→ **Task description**
Give every line of the material back exactly, images removed.

[Opening Data to process section]

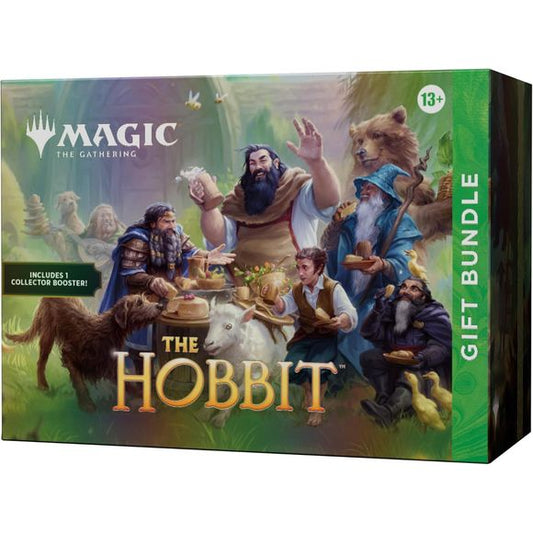 Release Date: 9/4/2026
Contents:
- 9 Magic: The Gathering The Hobbit Play Boosters
-1 Magic: The Gathering The Hobbit Collector Booster
-Alternate-art traditional foil promo card
-4 surge foil full-art seasonal Hobbit lands
-15 traditional foil basic lands (with 5 featuring full art)
-15 non-foil basic lands (with 5 featuring full art)
-Oversized Gift Bundle Spindown life counter
-Foil Gift Bundle card box
-2 reference cards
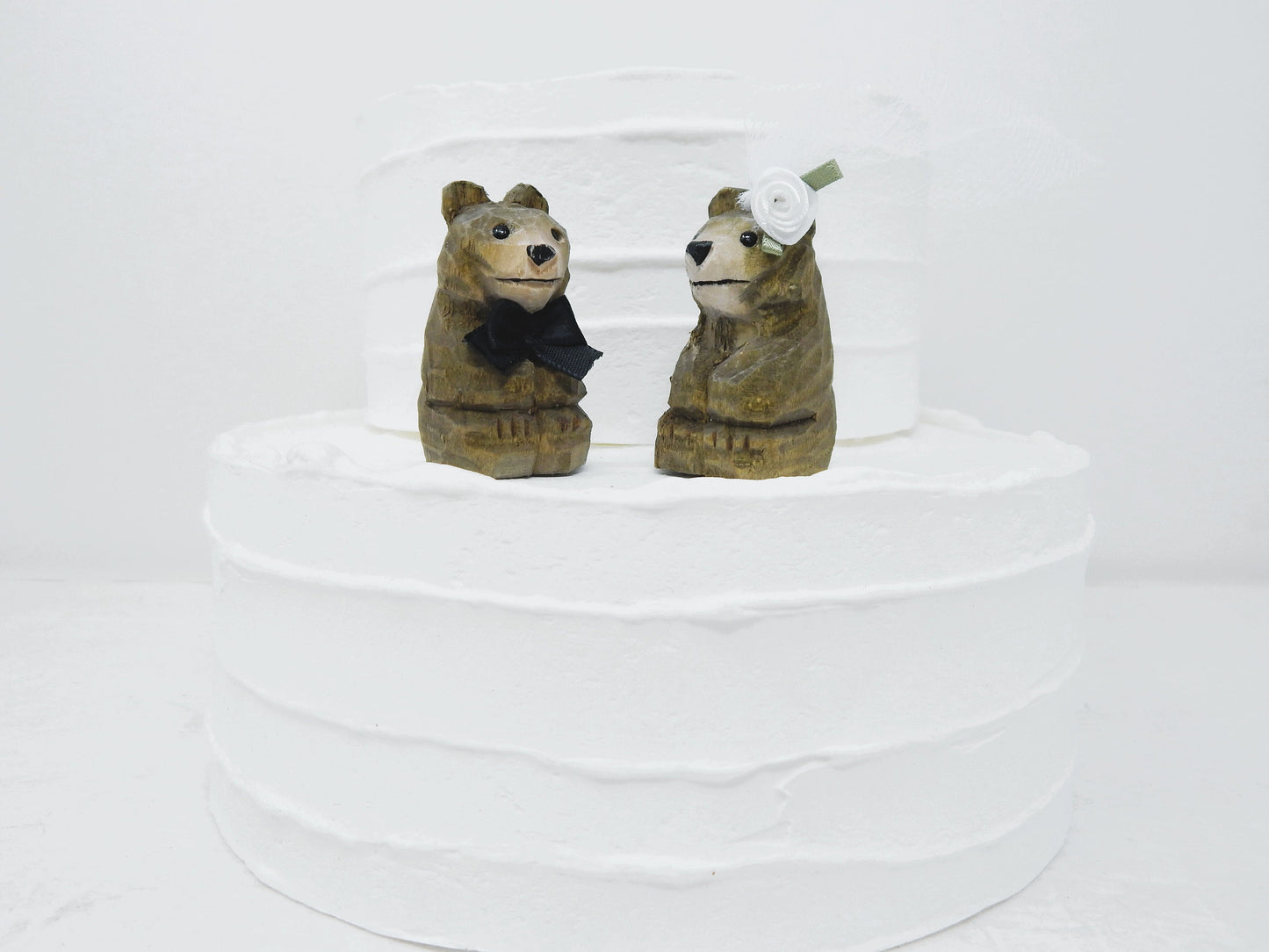 Brown Bear Cake Topper Bride & Groom Love Wedding Engagement Anniversary Carved Wood Statue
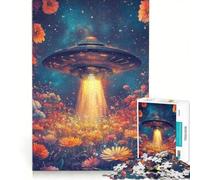 Puzzle per ragazzi da 1000 pezzi: UFO su un campo di fiori gioco rompicapo impegnativo da completare regalo per amici e familiari 50x75cm
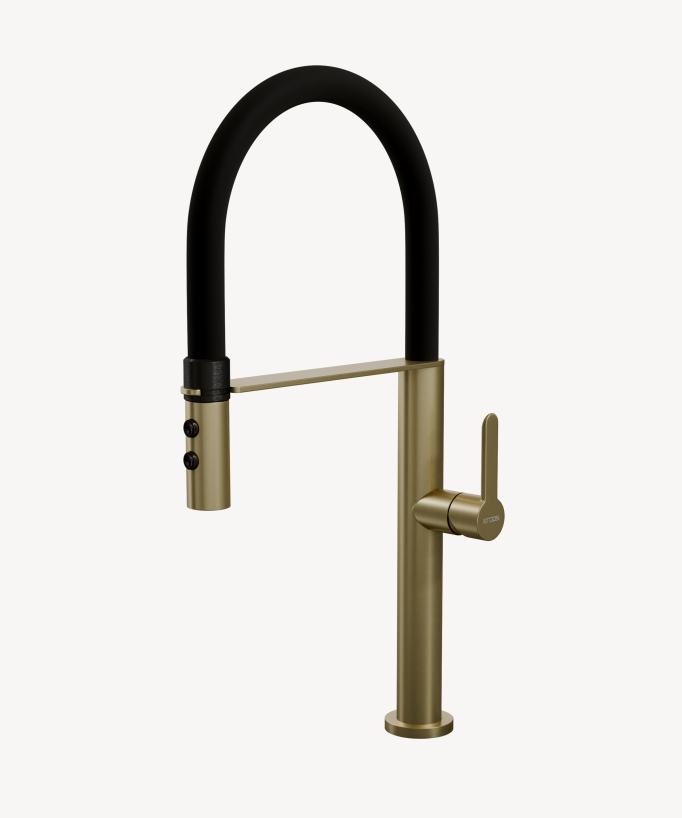 Miscelatore lavello alto con doccetta - Oro spazzolato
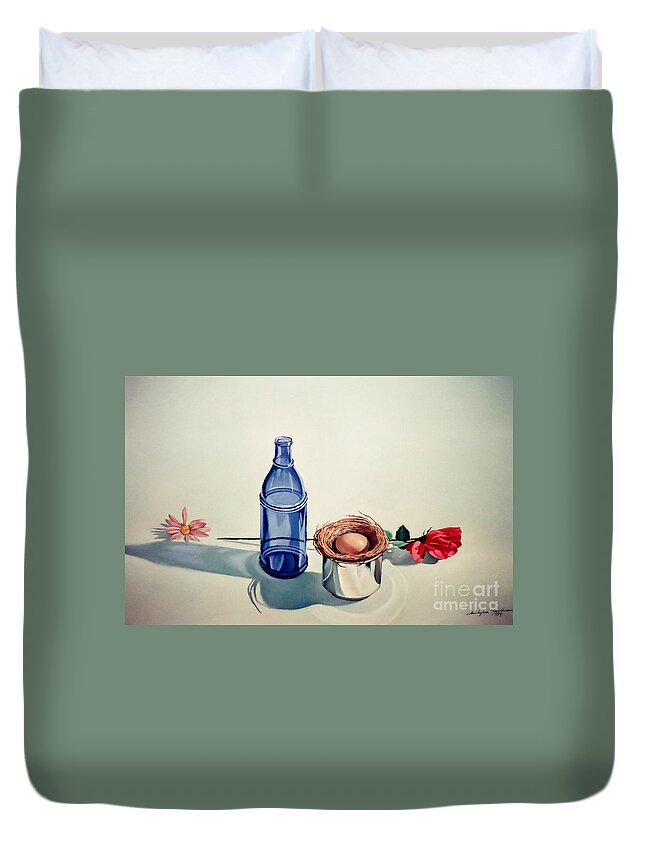 Bird Nest Duvet Cover featuring the painting Blue bottle flowers and bird nest by Christopher Shellhammer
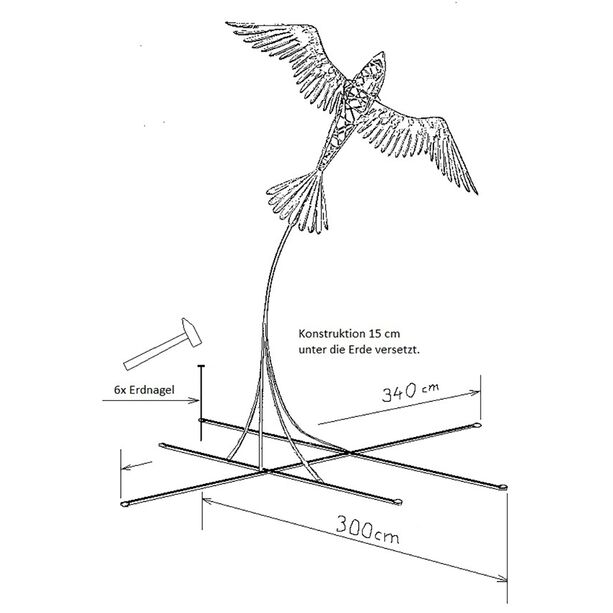 Flugzeug Gartenplastik Gro Aus Metall Mit Vogelfl geln flugzeug-gartenplastik-gro-aus-metall-mit-vogelfl-geln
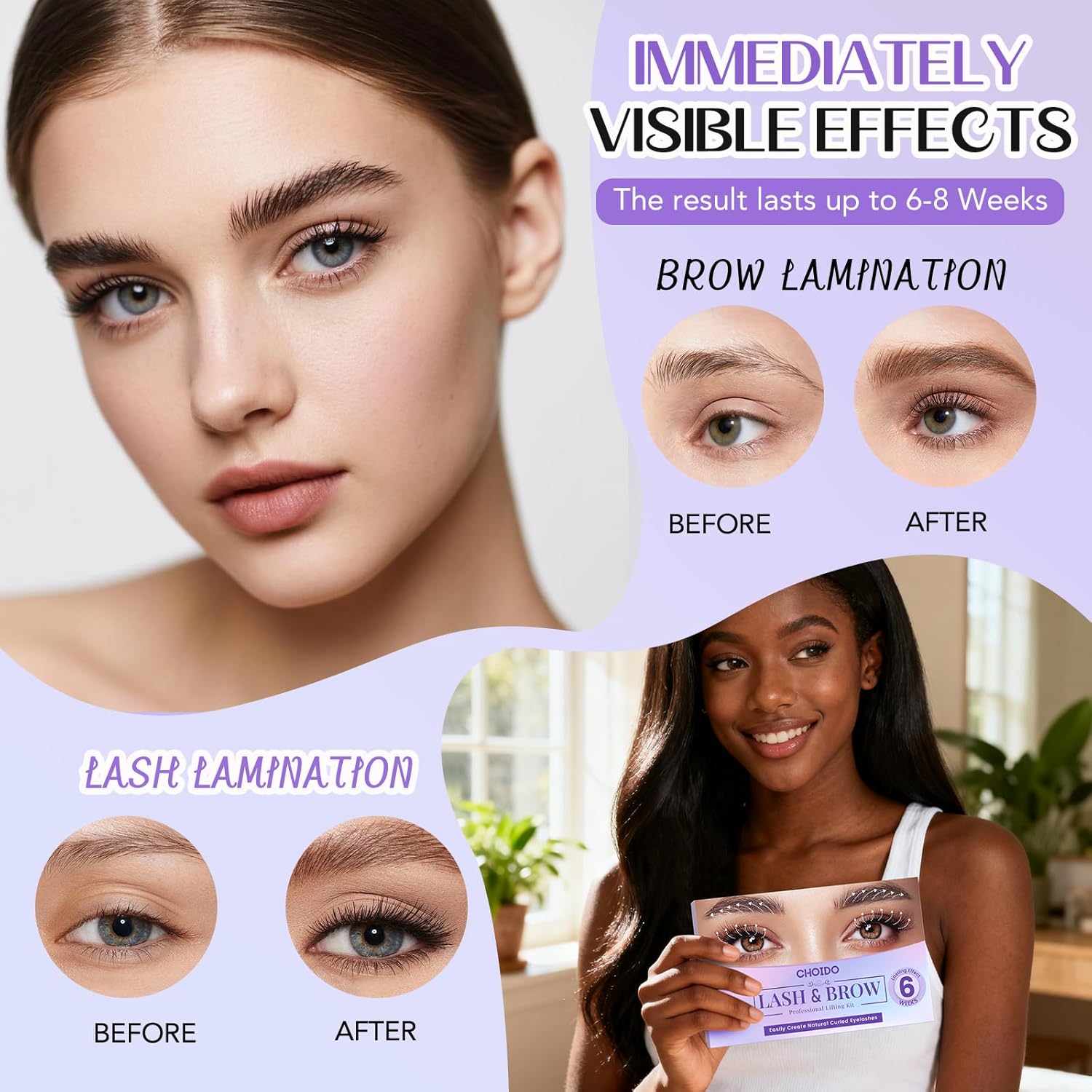 Lash Lift Kit - Eyelash Perm Kit - Eyebrow Lamination Kit, 2 in 1 Professional Eyelash Curling Lash Extension & Eyebrow Lift Kit, Eyelash Lift Kit Easy to Use for Salon & DIY Home Use, Lasts 6-8 Weeks-BrightBean Baby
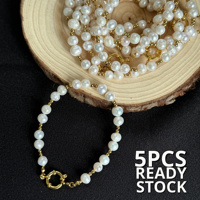 Bracelet artisanal en perles de pierres précieuses baroques et perles d'eau douce, breloques en acier inoxydable, tendance, pour fournisseur de bijoux personnalisés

[Closing Data to process section]

→ **Exercise response**
 Release Date: 9/4/2026
Contents:
- 9 Magic: The Gathering The Hobbit Play Boosters
-1 Magic: The Gathering The Hobbit Collector Booster
-Alternate-art traditional foil promo card
-4 surge foil full-art seasonal Hobbit lands
-15 traditional foil basic lands (with 5 featuring full art)
-15 non-foil basic lands (with 5 featuring full art)
-Oversized Gift Bundle Spindown life counter
-Foil Gift Bundle card box
-2 reference cards
 Brown Bear Cake Topper Bride & Groom Love Wedding Engagement Anniversary Carved Wood Statue
 Puzzle per ragazzi da 1000 pezzi: UFO su un campo di fiori gioco rompicapo impegnativo da completare regalo per amici e familiari 50x75cm
 Miscelatore lavello alto con doccetta - Oro spazzolato
 Bird Nest Duvet Cover featuring the painting Blue bottle flowers and bird nest by Christopher Shellhammer
 Flugzeug Gartenplastik Gro Aus Metall Mit Vogelfl geln flugzeug-gartenplastik-gro-aus-metall-mit-vogelfl-geln
 Lash Lift Kit - Eyelash Perm Kit - Eyebrow Lamination Kit, 2 in 1 Professional Eyelash Curling Lash Extension & Eyebrow Lift Kit, Eyelash Lift Kit Easy to Use for Salon & DIY Home Use, Lasts 6-8 Weeks-BrightBean Baby
 Bracelet artisanal en perles de pierres précieuses baroques et perles d'eau douce, breloques en acier inoxydable, tendance, pour fournisseur de bijoux personnalisés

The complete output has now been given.